═══ Information shown

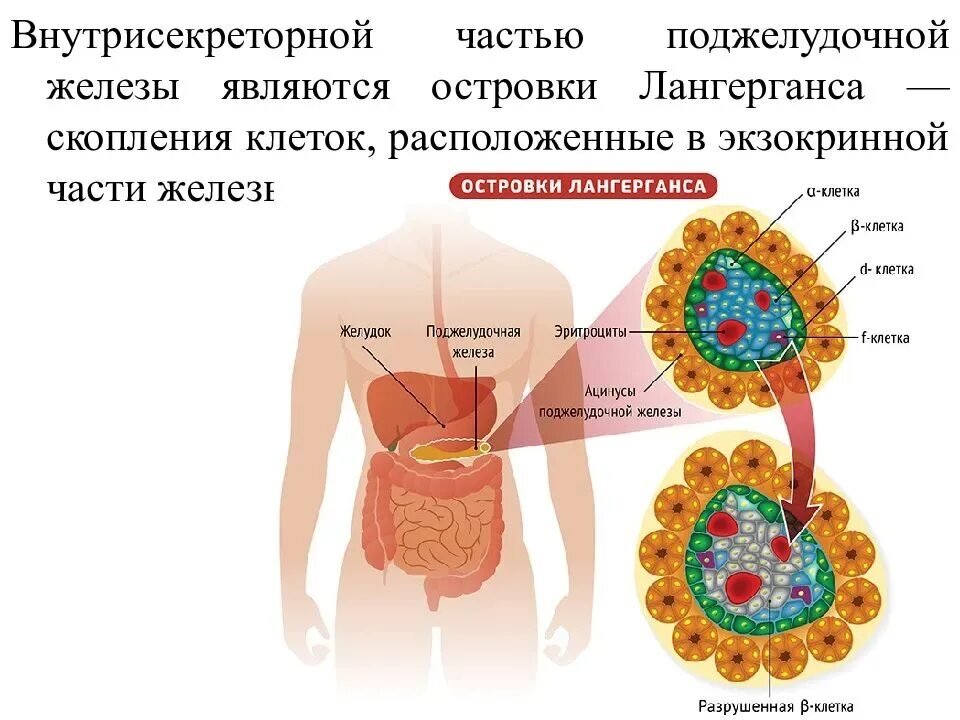 Выработка инсулина поджелудочной. Альфа клетки поджелудочной железы. Клетки вырабатывающие инсулин. Альфа клетки поджелудочной железы вырабатывают. Инсулин продуцирующие опухоли.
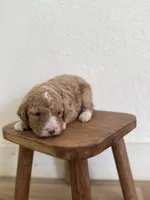 April , a female Goldendoodle for sale in Rio Linda, CA – Photo 1 of 6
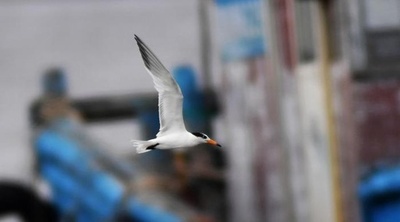 中国・広東で17年ぶりに「神話の鳥」を確認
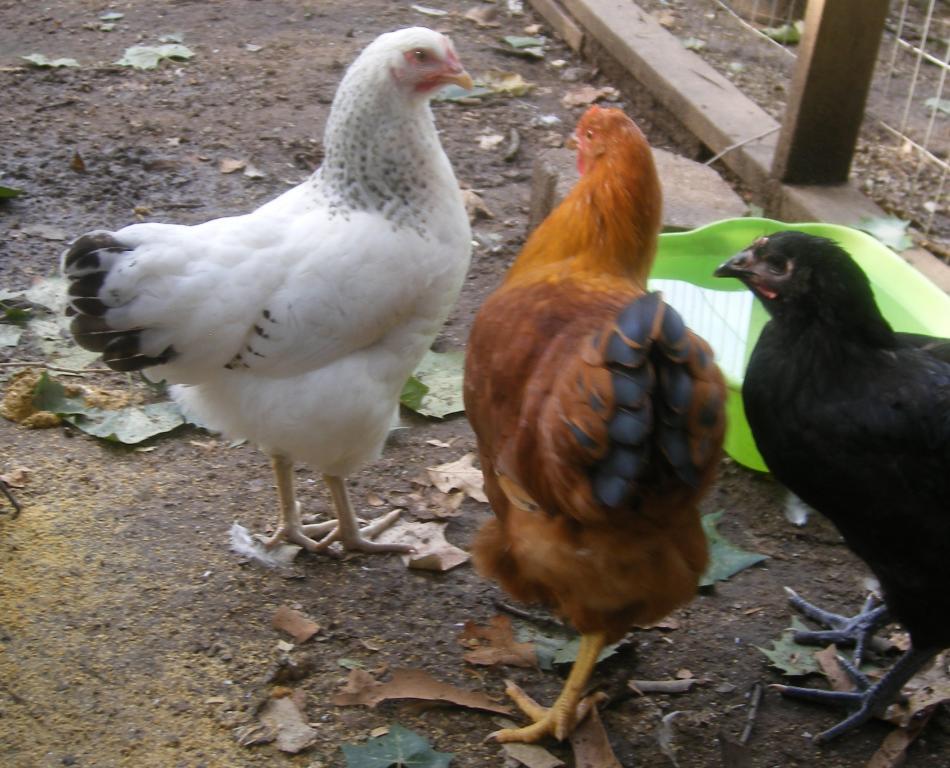 31282_8-4-2011mis074.jpg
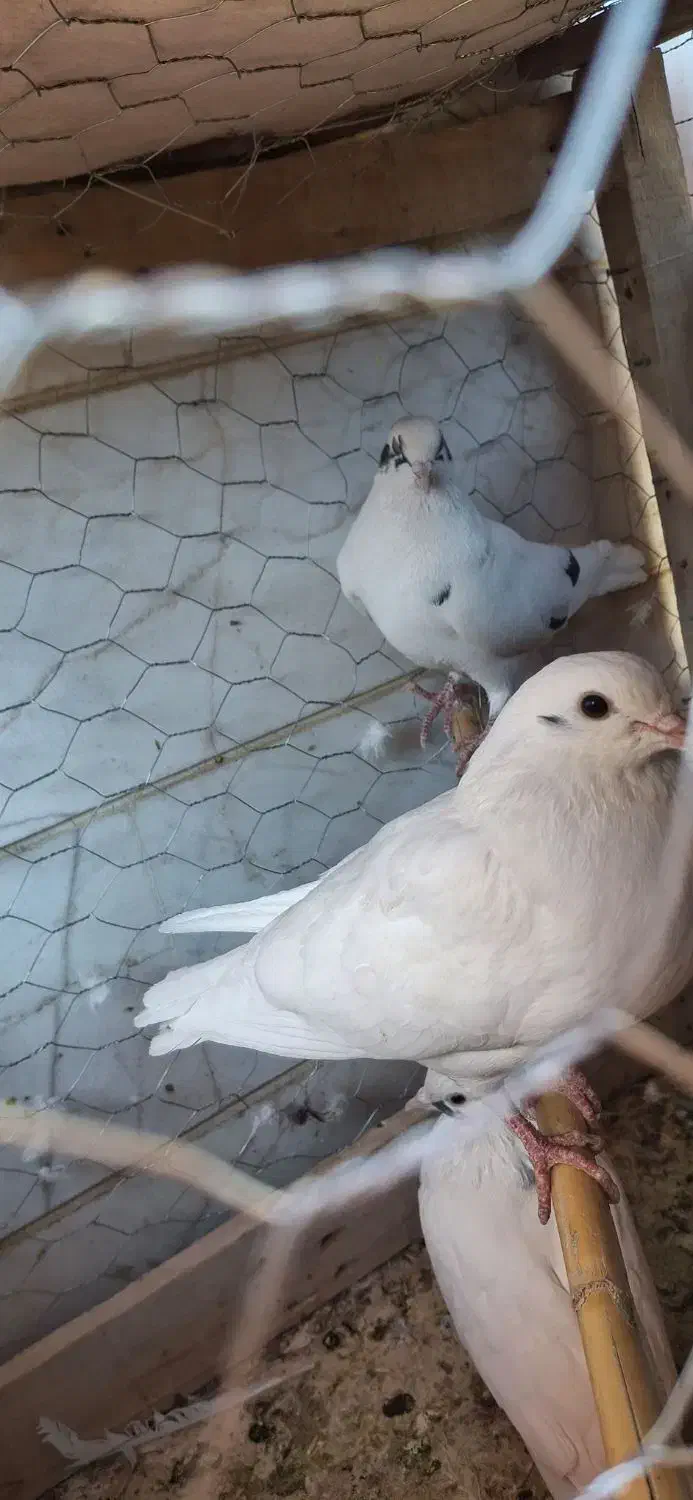 فروش تعدادی کفتر|پرنده|محلات, |دیوار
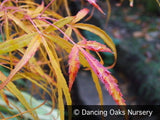 Trees ~ Acer palmatum 'Koto No Ito', Japanese Maple ~ Dancing Oaks Nursery and Gardens ~ Retail Nursery ~ Mail Order Nursery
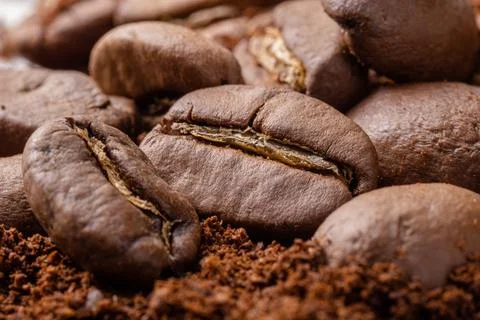 Coffee beans close up. Stock Photos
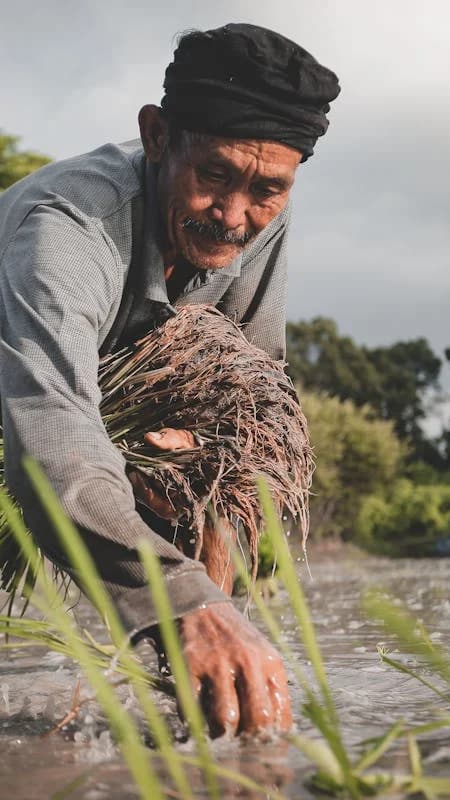 Farmer walking through green crops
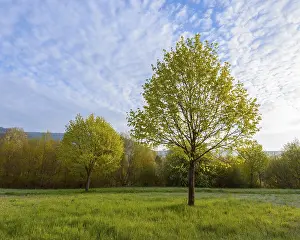 Southern Germany Trees Prints: Maple tree in spring, Mondfeld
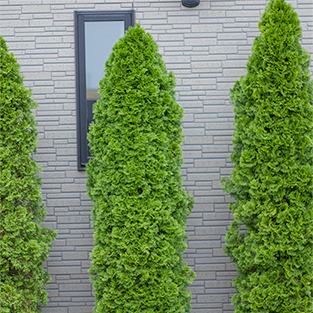 オフィス概要 画像6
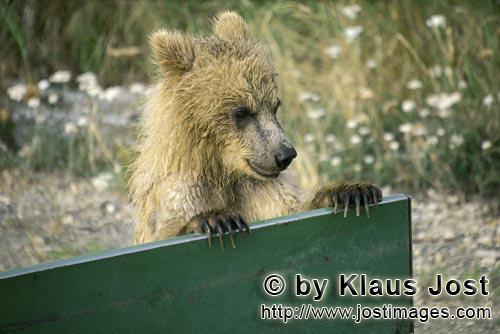 Brown Bear/Ursus arctos horribilis        Curious Brown Bear cub        One of the few vehicles on t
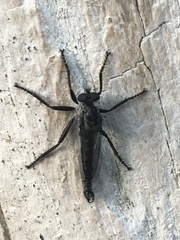 Rhadiurgus variabilis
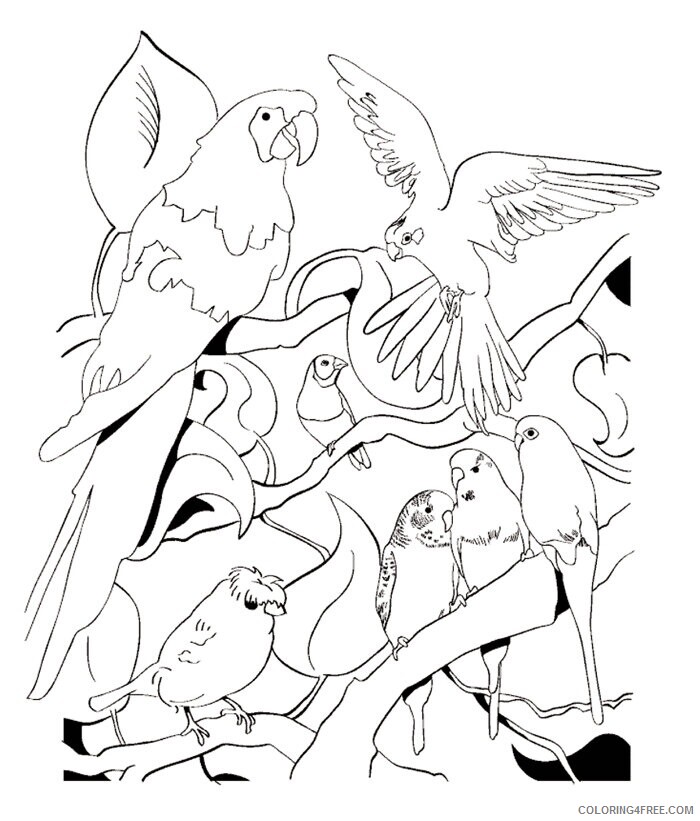 African Coloring Pages Printable Sheets Pet Bird Parrot Finch 2021 a 2800 Coloring4free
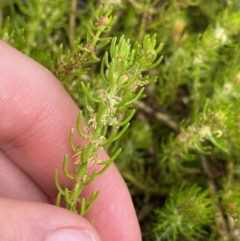 Myriophyllum crispatum (Water Millfoil) at Paddys River, ACT - 14 Jan 2023 by Ned_Johnston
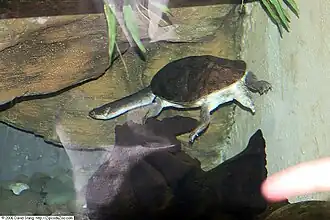 Description de l'image Chelodina parkeri 1zz.jpg.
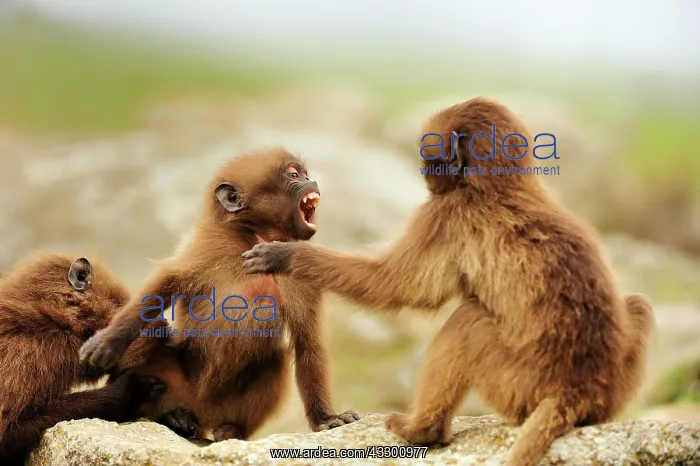 : Gelada / Gelada Baboon - playing Simien Mountains : Gelada / Gelada Baboon - playing Simien Mountains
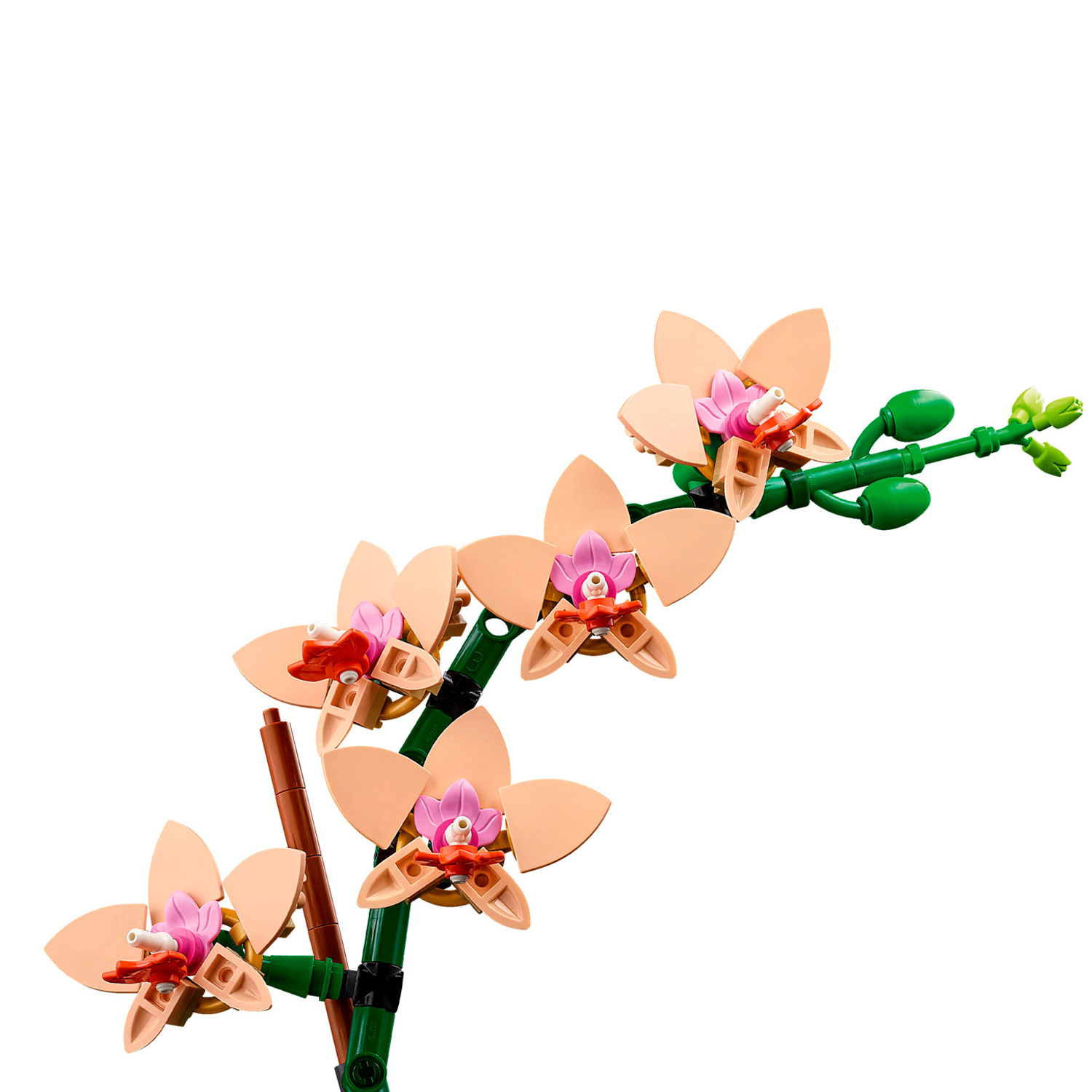 Конструктор LEGO Botanicals Орхидея Мини 274 дет. - фото 5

══════

**Aim of the task**
A word-for-word copy is required of the lines above from the line with "فروش تعدادی کفتر|پرنده|محلات, |دیوار" through the last line of the data; no other lines and no pictures belong in it.

**Your response**
 فروش تعدادی کفتر|پرنده|محلات, |دیوار
 Trees ~ Acer palmatum 'Koto No Ito', Japanese Maple ~ Dancing Oaks Nursery and Gardens ~ Retail Nursery ~ Mail Order Nursery
 Coffee beans close up. Stock Photos
 Farmer walking through green crops
 Southern Germany Trees Prints: Maple tree in spring, Mondfeld
 オフィス概要 画像6
 Brown Bear/Ursus arctos horribilis        Curious Brown Bear cub        One of the few vehicles on t
 Rhadiurgus variabilis
 African Coloring Pages Printable Sheets Pet Bird Parrot Finch 2021 a 2800 Coloring4free
 Myriophyllum crispatum (Water Millfoil) at Paddys River, ACT - 14 Jan 2023 by Ned_Johnston
 Description de l'image Chelodina parkeri 1zz.jpg.
 : Gelada / Gelada Baboon - playing Simien Mountains : Gelada / Gelada Baboon - playing Simien Mountains
 Конструктор LEGO Botanicals Орхидея Мини 274 дет. - фото 5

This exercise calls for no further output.